L’Agence internationale de l’énergie (AIE) met en garde mardi contre de possibles tensions en Europe sur le marché du gaz, notamment en cas d’hiver froid et de nouvelles restrictions des acheminements de gaz russe dans les gazoducs, selon un rapport sur les perspectives du marché du gaz à 2026. «Malgré le rééquilibrage progressif des marchés du gaz, les risques et les incertitudes pèsent sur les perspectives pour l’hiver 2023-24», souligne l’AIE dans ce rapport.

Les stockages de gaz de l’Union européenne ont beau être quasi-remplis à 96% à l’entrée dans la saison de chauffage, l’AIE se montre prudente sur la sécurité d’approvisionnement, au cœur de grandes craintes de pénurie en 2022 après l’invasion de l’Ukraine. «Un hiver froid associé à une moindre disponibilité de gaz liquéfié (GNL, nlr)» acheminé par navires «et à une nouvelle baisse des livraisons de gaz russe par canalisation pourraient raviver les tensions sur le marché, en particulier vers la fin de l’hiver 2023-24», explique l’agence de l’OCDE basée à Paris. «Le risque de volatilité des prix, notamment en cas d’hiver froid, est donc préoccupant», ajoute-t-elle dans un communiqué.

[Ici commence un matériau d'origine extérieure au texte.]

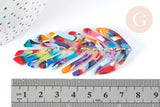 Pendentif feuille acétate colorée 70-76mm, x2 (G7299)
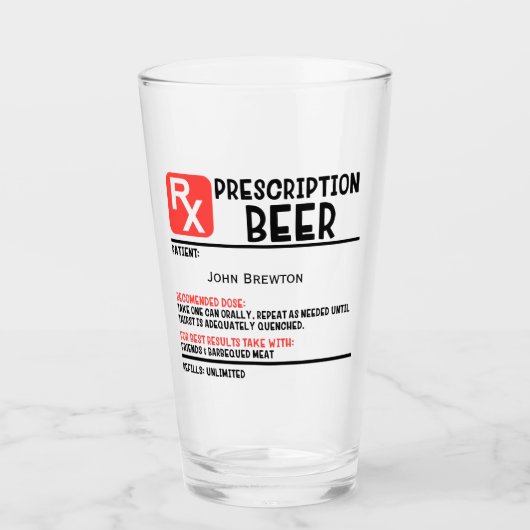Personalisierte Funny RX Bierverschreibungen Glas (Vorderseite)
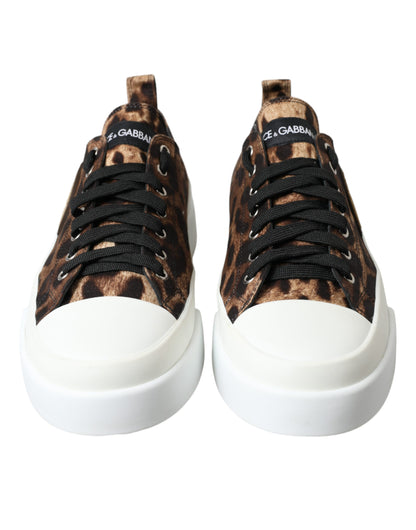 Dolce & Gabbana Braun Leopard Canvas Turnschuhe Schuhe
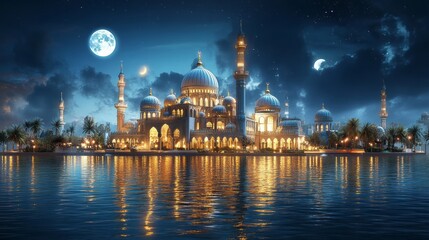 Grand illuminated mosque stands majestically over calm reflective waters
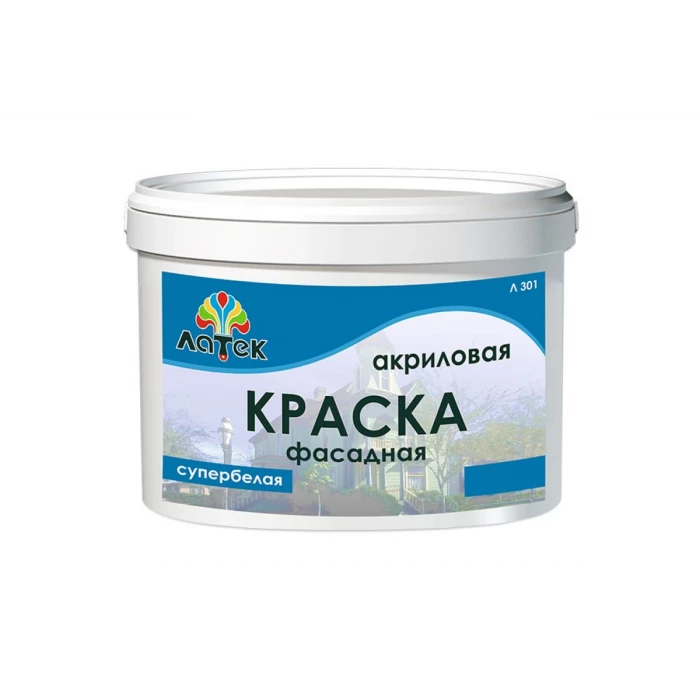 Акриловая фасадная краска Латек супербелая 4,5 кг Л301 LAP013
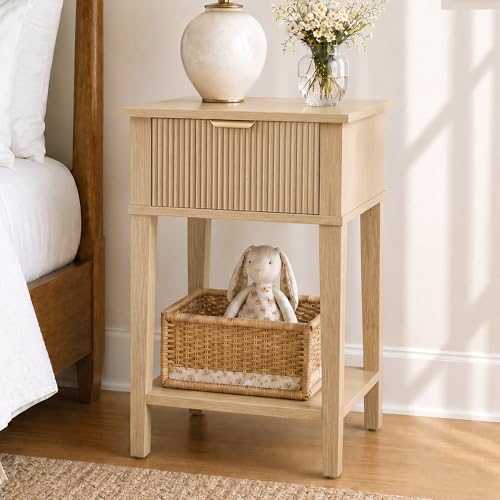 RIHHA Natural Oak 15 Wide Small Nightstand with Drawer Open Shelf Fluted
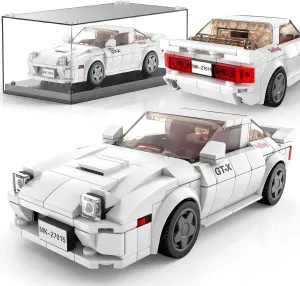 Mould King Speed Champion RX-7 Initial D Building Blocks Set & Display Case,27015 Cars Model Toys Gifts for Teens/Adults/Kids, Creative for Boys Age 8-12 (369Pcs)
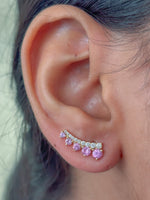 Pink Sapphire Diamond Earrings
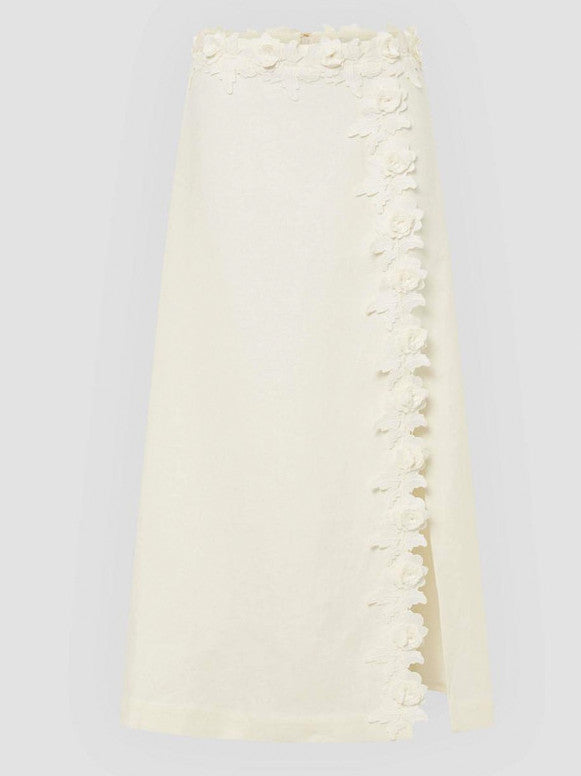 Floral-Applique Linen Midi Skirt in Cream Branna Couture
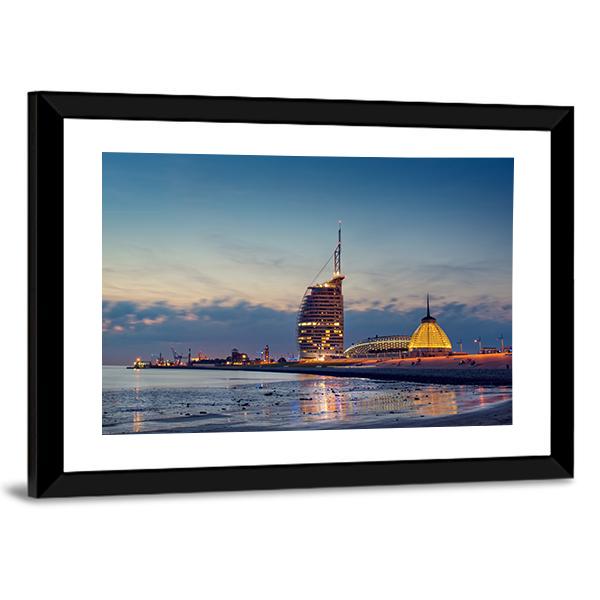 Bremerhaven Beach Panoramic Canvas Wall Art-1 Piece-36" x 12"-Tiaracle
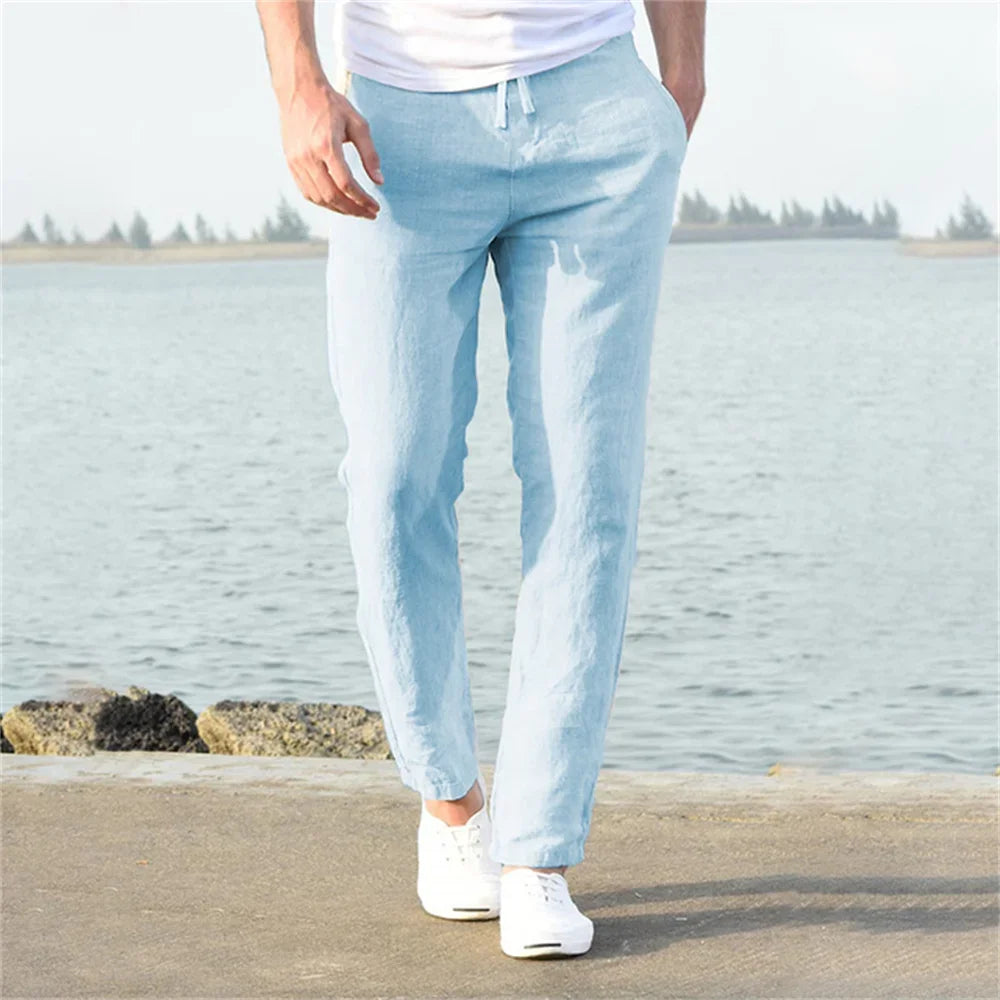 Men's Breathable Cotton Linen Blend Trousers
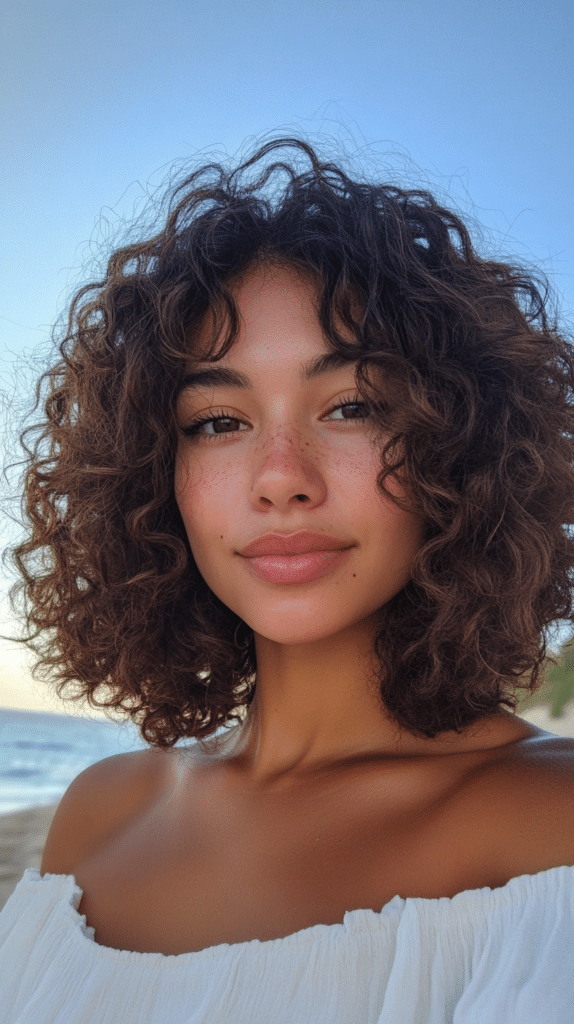 Naturally curly hair with butterfly layers starting near the cheeks, adding volume and reducing bulk for a balanced look.
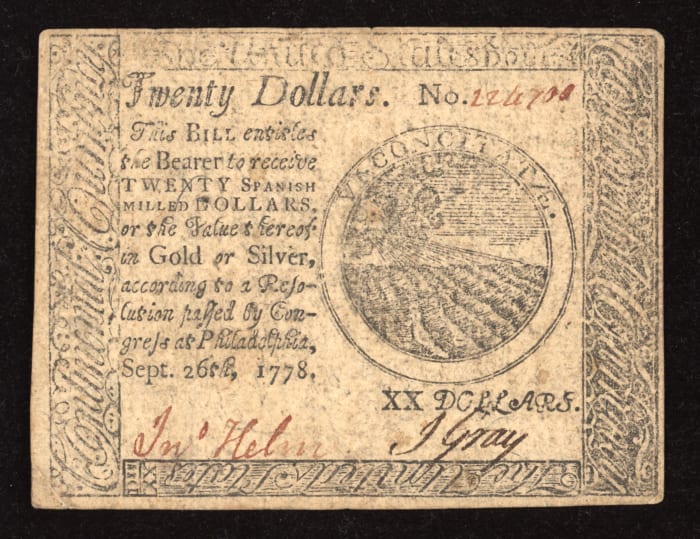 September 26, 1778 Continental Currency Colonial Twenty Dollars ($20) Obverse Image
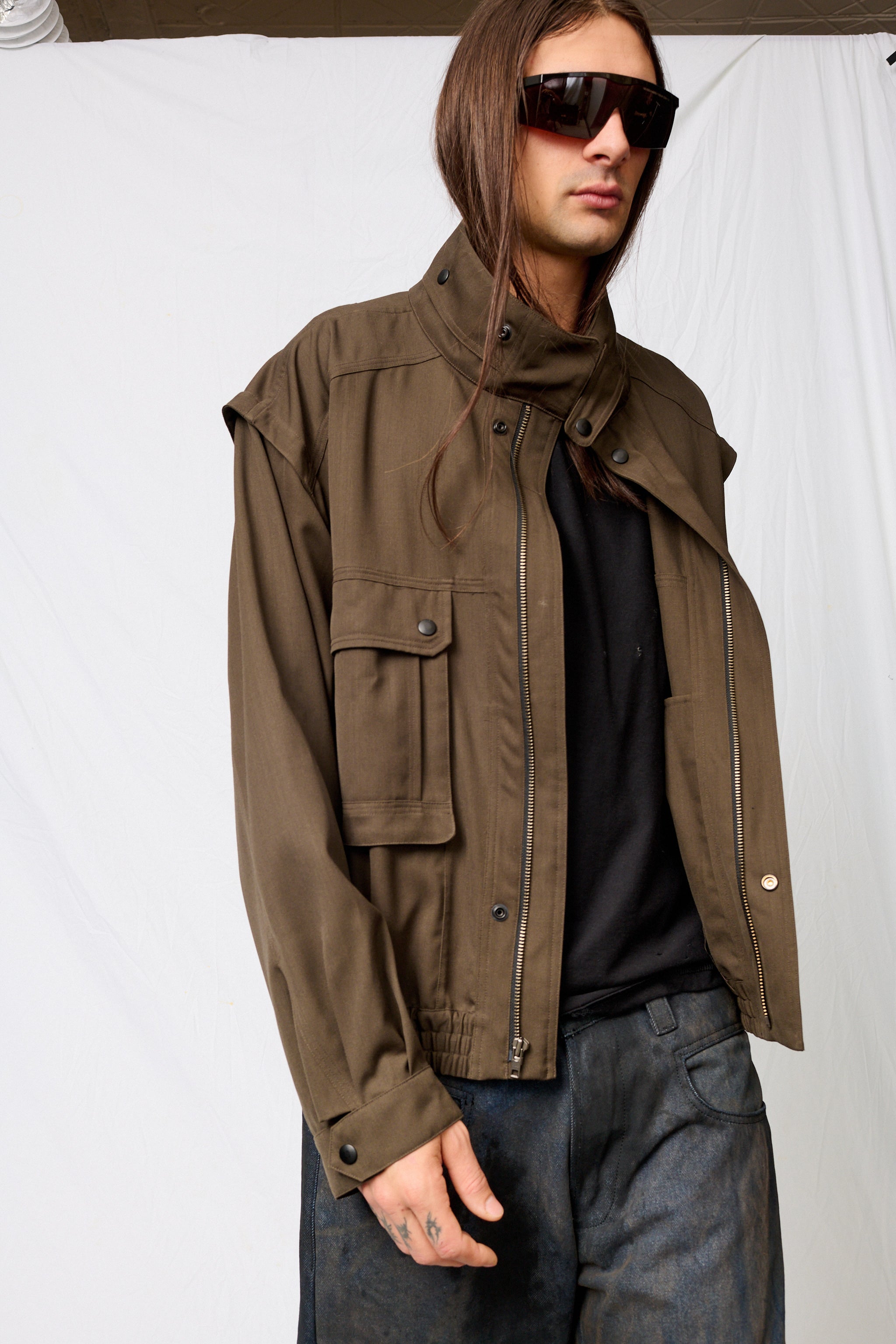 Brown Suiting Military Jacket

Depuis l’invasion de l’Ukraine en février 2022, Moscou a fortement réduit ses acheminements par gazoduc vers l’UE, poussant les États à réorganiser en urgence leurs approvisionnements. Ils ont ainsi gonflé de 70% l’année dernière leurs achats de GNL, venu à plus de 40% des États-Unis mais aussi de Russie (17% des achats européens de janvier à juillet 2023). «Nous sommes en meilleure position» cette année, mais l’Europe est confrontée «à au moins deux défis majeurs», assurait le 18 septembre à Paris le chef de l’AIE, Fatih Birol. «Premièrement, si l’hiver est beaucoup plus rude que l’année dernière (…). Deuxièmement, l’Europe reçoit encore du gaz de Russie, et il peut être coupé d’un jour à l’autre», soulignait-il. Quelques pays d’Europe de l’Est continuent de recevoir un peu de gaz russe via l’Ukraine.

La mise en service de nouvelles capacités de GNL attendues en 2025-2026 «devrait atténuer certaines des inquiétudes liées (…) à la sécurité d’approvisionnement que connaissent les marchés depuis que la Russie a commencé à retenir ses approvisionnements», a indiqué Keisuke Sadamori, directeur des marchés énergétiques et de la sécurité à l’AIE, cité dans le communiqué.

Pour l’AIE, la crise énergétique mondiale de 2022 «a marqué le début d’une nouvelle ère pour les marchés mondiaux du gaz, après une décennie de forte croissance entre 2011 et 2021», qualifiée d’«Âge d’or du gaz». L’Agence s’attend à l’avenir à un ralentissement de croissance de la demande mondiale de gaz portée à 1,6% par an entre 2022 et 2026, contre une moyenne annuelle de 2,5% entre 2017 et 2021. Ce ralentissement est dû à la baisse de la consommation dans les «marchés matures», en Asie-Pacifique, en Europe et en Amérique du Nord, où la demande gazière a atteint un pic en 2021 et devrait décliner de 1% par an jusqu’en 2026, grâce à «l’accélération du déploiement des énergies renouvelables et l’amélioration de l’efficacité énergétique».

Au final, la hausse de la demande sera concentrée dans les marchés asiatiques à croissance rapide et certaines économies riches en gaz du Moyen-Orient et d’Afrique. À elle seule, la Chine devrait représenter près de la moitié de la croissance totale de la demande mondiale de gaz jusqu’en 2026.